Why is measuring open rates useful? Knowing how many people open your emails can help you calculate the conversion rate and know how successful your email campaigns are. You should use it as a comparative metric to see if your open rates are improving or not, and use it as a variable for other calculations. 

Some platforms calculate open rates by using total opens instead of unique opens. This inflates the open rate number as some people open their emails multiple times. Campaign Refinery uses a unique open rate calculation as it is the most consistent for use in evaluating actual performance.

Having high open rates means you’re doing something right – your subject lines are enticing, or your subscribers are loyal and want your messages. Low or declining open rates show your approach or timing might be off, or your email list could use a clean-up. You should know that an email counts as “opened” only if the contact receives all the images within it. So, slow internet, heavy visuals, or complex content could also be the reason behind low open rates, even though those contacts might have read the text without the images loaded. Try to perfect those subject lines and stick to simple solutions in terms of content for more accurate open rates. 

It’s good to know that open rates depend on deliverability – nobody can open an email they don’t receive. 

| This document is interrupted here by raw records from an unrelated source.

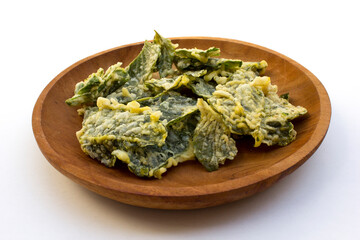 Chips made from spinach fried in flour on the wooden plate, isolated on white background.  A traditional snack from Indonesia.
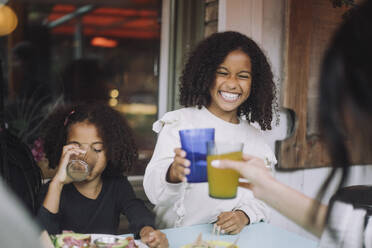 Cheerful girl toasting drinks with woman while having dinner at restaurant - MASF41792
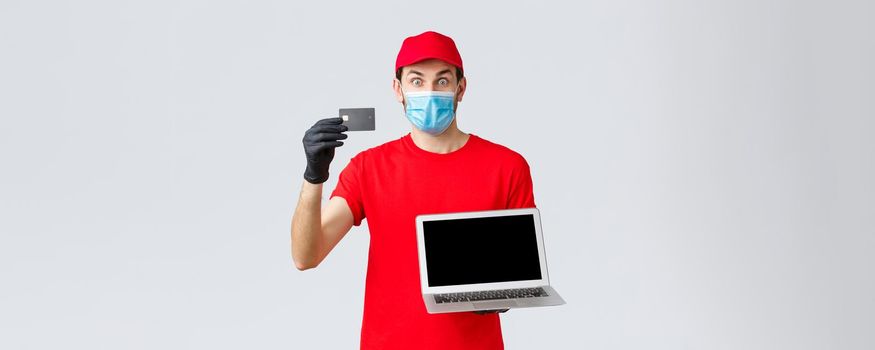 Customer support, covid-19 delivery packages, online orders processing concept. Surprised excited courier in red uniform, face mask and gloves, showing credit card to pay orders and laptop.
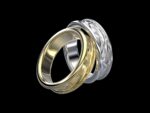 Meryn Ring in 18k yellow and white gold — faceted geometric Celtic wedding band with two-tone mixed metal option.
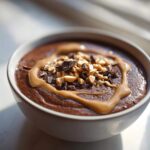 Close-up of a thick Vegan Chocolate Peanut Butter Banana Smoothie Bowl topped with peanut butter drizzle, chopped peanuts, and chocolate chunks.
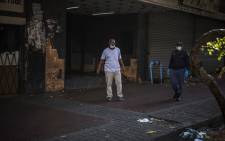 A plain clothed South African policeman carries a whip while he and an uniformed colleague try to clear a pavement in Hillbrow, Johannesburg, on 27 March 2020 in an effort to enforce distancing. Picture: AFP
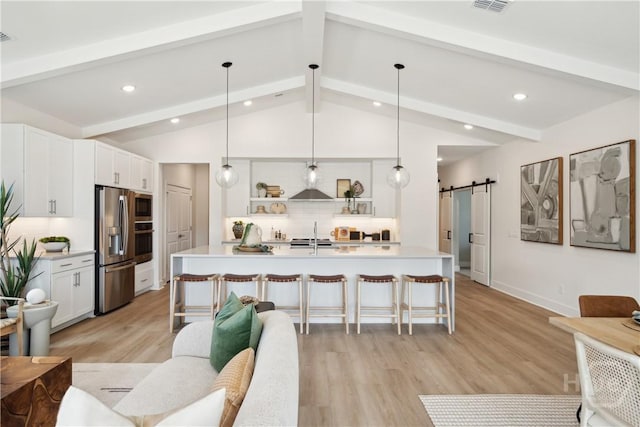 117 Mage St, Savannah, GA 31302 - living room with recessed lighting, a barn door, and light wood finished floors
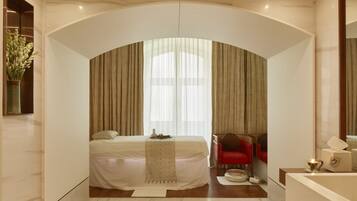 Relax in a serene space with a large bed, a small table, and a comfortable chair.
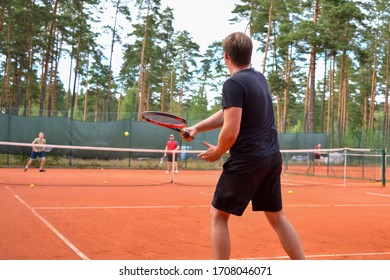 Back View Of A Male Tennis Player With A Racket In Action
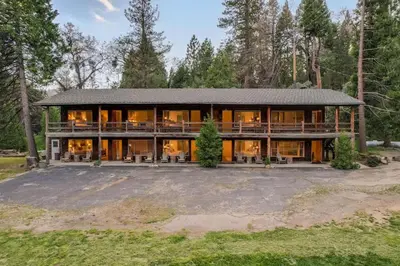 a large house with a lot of windows at Camp Nelson Lodge Room 2 in Ponderosa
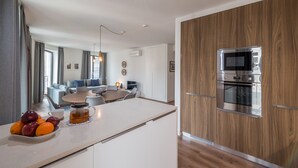 A modern kitchen with a built-in microwave and oven, a dining area with a table and chairs, and a fruit bowl on the counter.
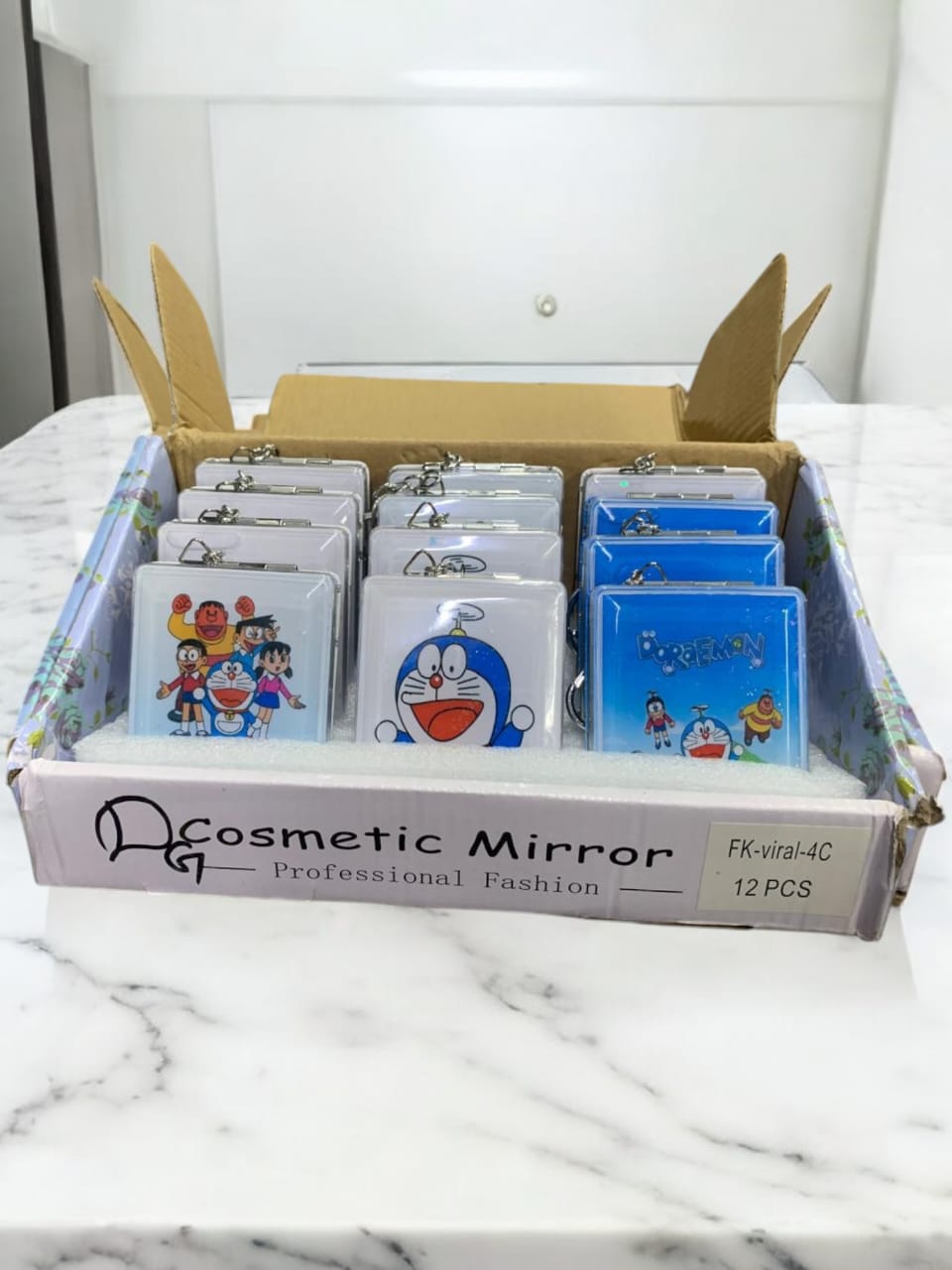 Doremon Glitter Mirror Pack of 12 ( eff price 76 )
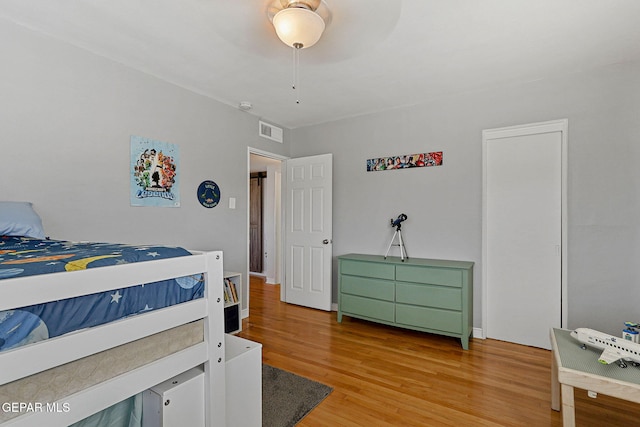 bedroom with ceiling fan and light hardwood / wood-style flooring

What’s a good open rate? A healthy open rate goes above 20%.

There are several categories of open rates you should consider as well. 


Mobile Open Rate

Mobile open rate shows the number of emails opened from mobile devices (phones and tablets). Since the majority of internet traffic is shifting to mobile, this is an increasingly important metric to observe. 

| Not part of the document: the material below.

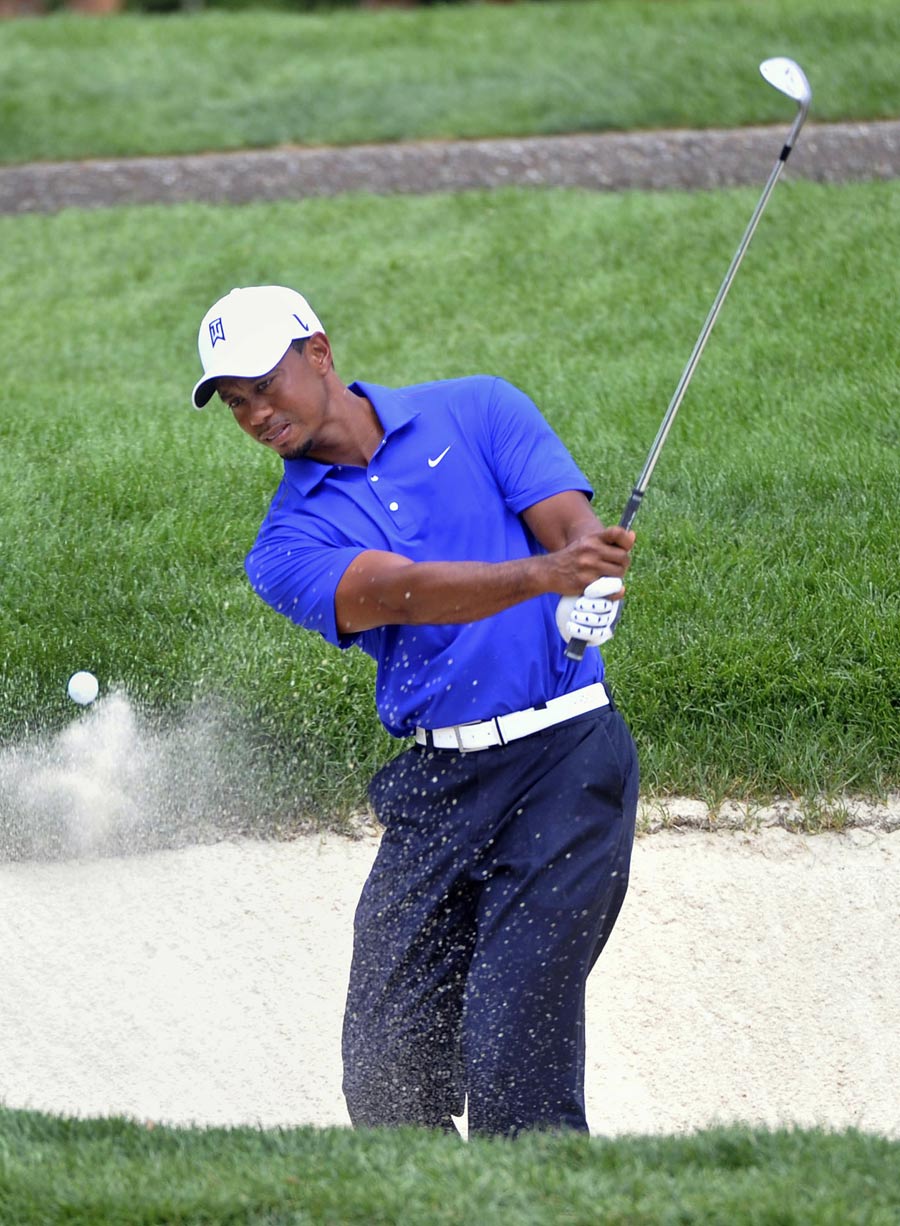Tiger Woods plays from a bunker during practice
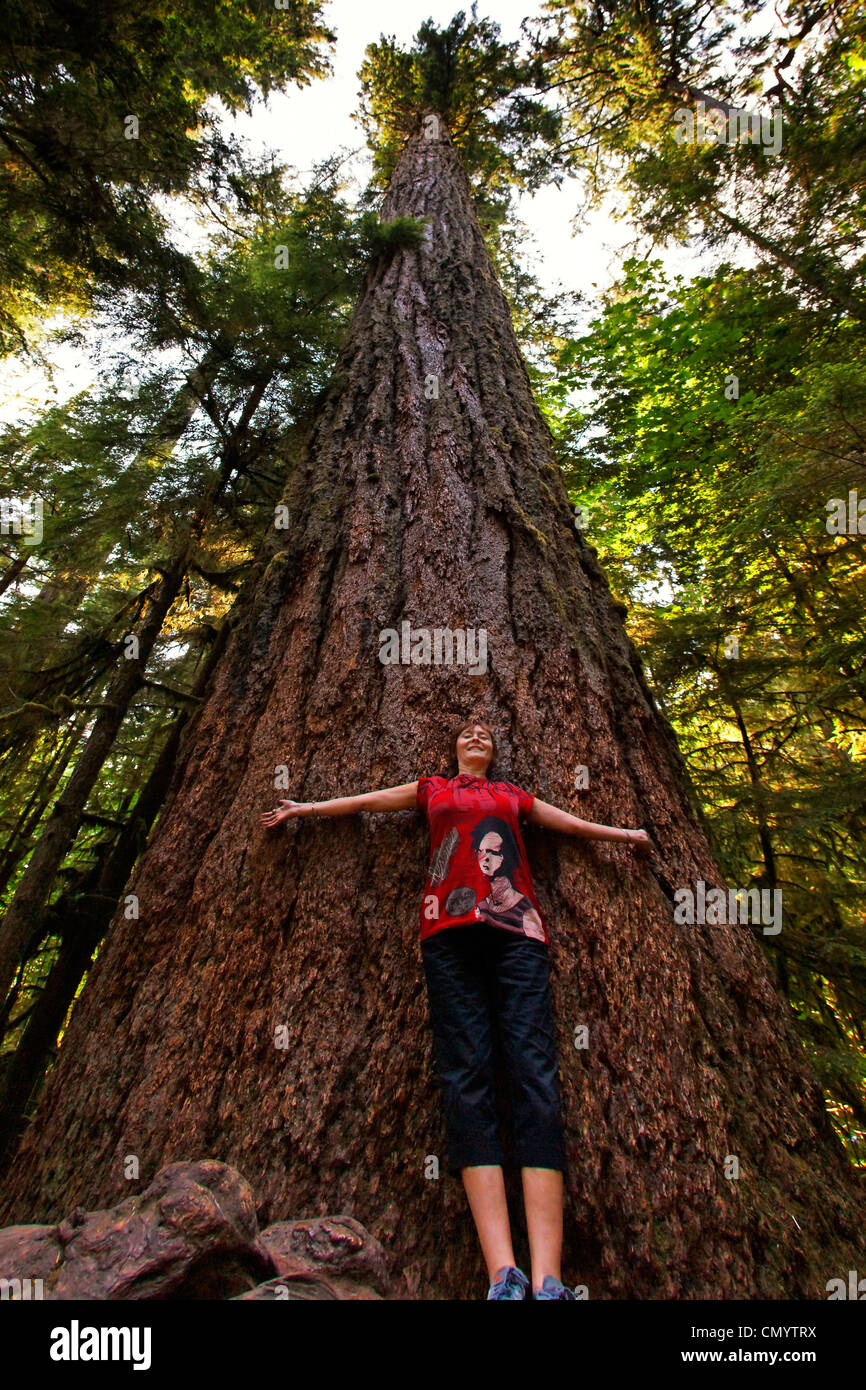 women posing uder 800 year old giant redwood Trees in Cathedral Grove National Park on Vancouver Island, Canada, North America Stock Photo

You may see an increase in mobile open rates during the weekend when people are less static in general. However, Apple’s Mail Privacy Protection (MPP) feature is likely to affect your measurements and stop you from tracking opens or seeing what operating system a subscriber is using. Therefore, you should know that the results — although relevant — may not be entirely accurate considering the inability to track mobile open rates for Apple Mail client users across all Apple platforms, including iOS, iPadOS, and macOS.


Domain Open Rate

Domain open rates will show what number of people using a specific email provider open your emails. This can tell you if your emails are coming through a particular system or if they’re having problems with a particular domain’s spam filters. Knowing this, you can work to improve your sender reputation, which makes the domain open rate an exceptionally important metric. 

This rate will be affected by Apple’s MPP, but you will be able to track it for all other users. 

Campaign Refinery users love that we display a “Mailbox Performance Report” showing a breakdown per ISP and domain for the top 10 most common domains in the recipient list. This allows them to discover if they are having a problem with a specific domain/ISP they should address.


Non-open rates

Non-open rates can be as important to monitor as any of the open rates. They will show you the number of campaigns your subscribers have not opened. 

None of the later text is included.